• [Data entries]
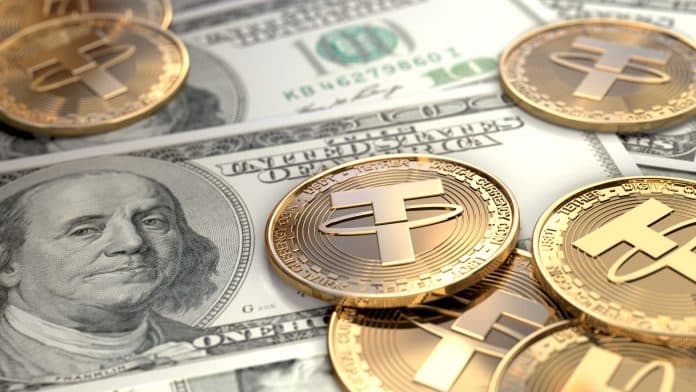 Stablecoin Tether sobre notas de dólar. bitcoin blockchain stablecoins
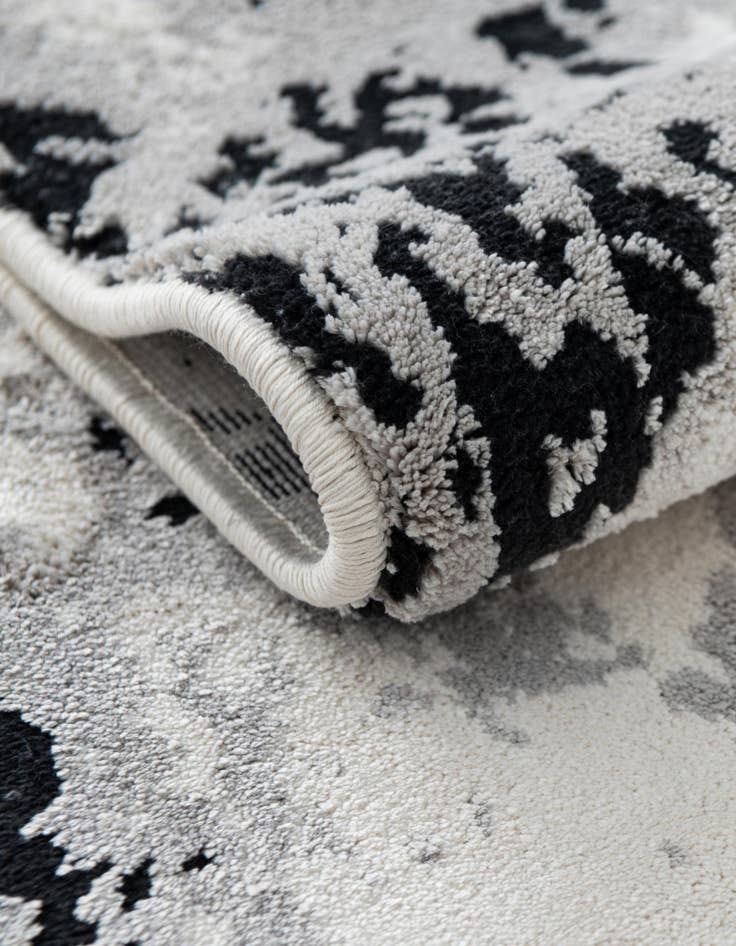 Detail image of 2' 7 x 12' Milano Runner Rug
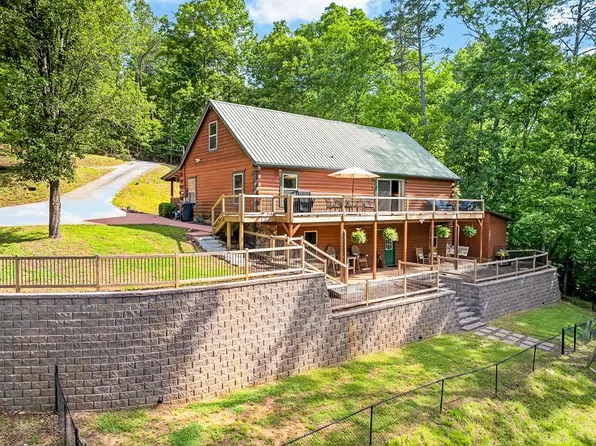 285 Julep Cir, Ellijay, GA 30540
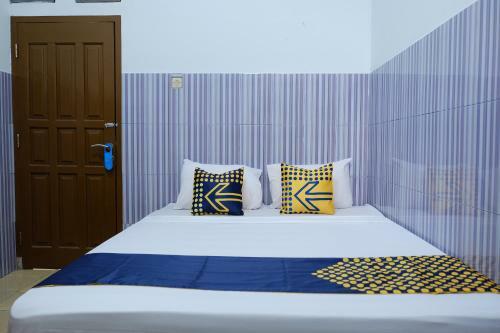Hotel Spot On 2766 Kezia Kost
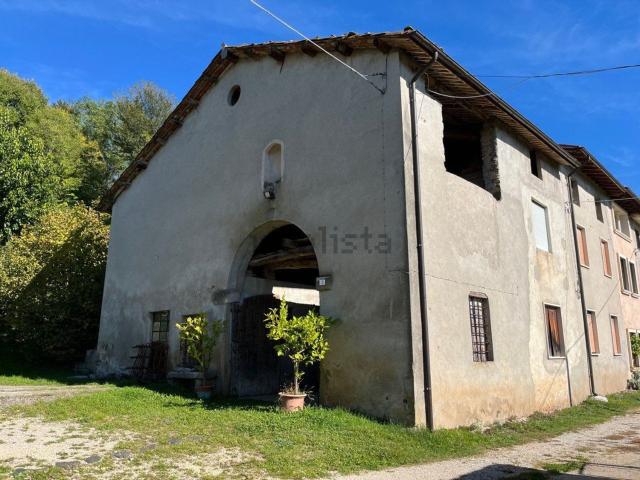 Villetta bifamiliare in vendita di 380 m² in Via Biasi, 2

• [What needs to be done] Could the entries above be retyped exactly, with the pictures left out?

• [Written answer]
 Stablecoin Tether sobre notas de dólar. bitcoin blockchain stablecoins
 Detail image of 2' 7 x 12' Milano Runner Rug
 285 Julep Cir, Ellijay, GA 30540
Hotel Spot On 2766 Kezia Kost
 Villetta bifamiliare in vendita di 380 m² in Via Biasi, 2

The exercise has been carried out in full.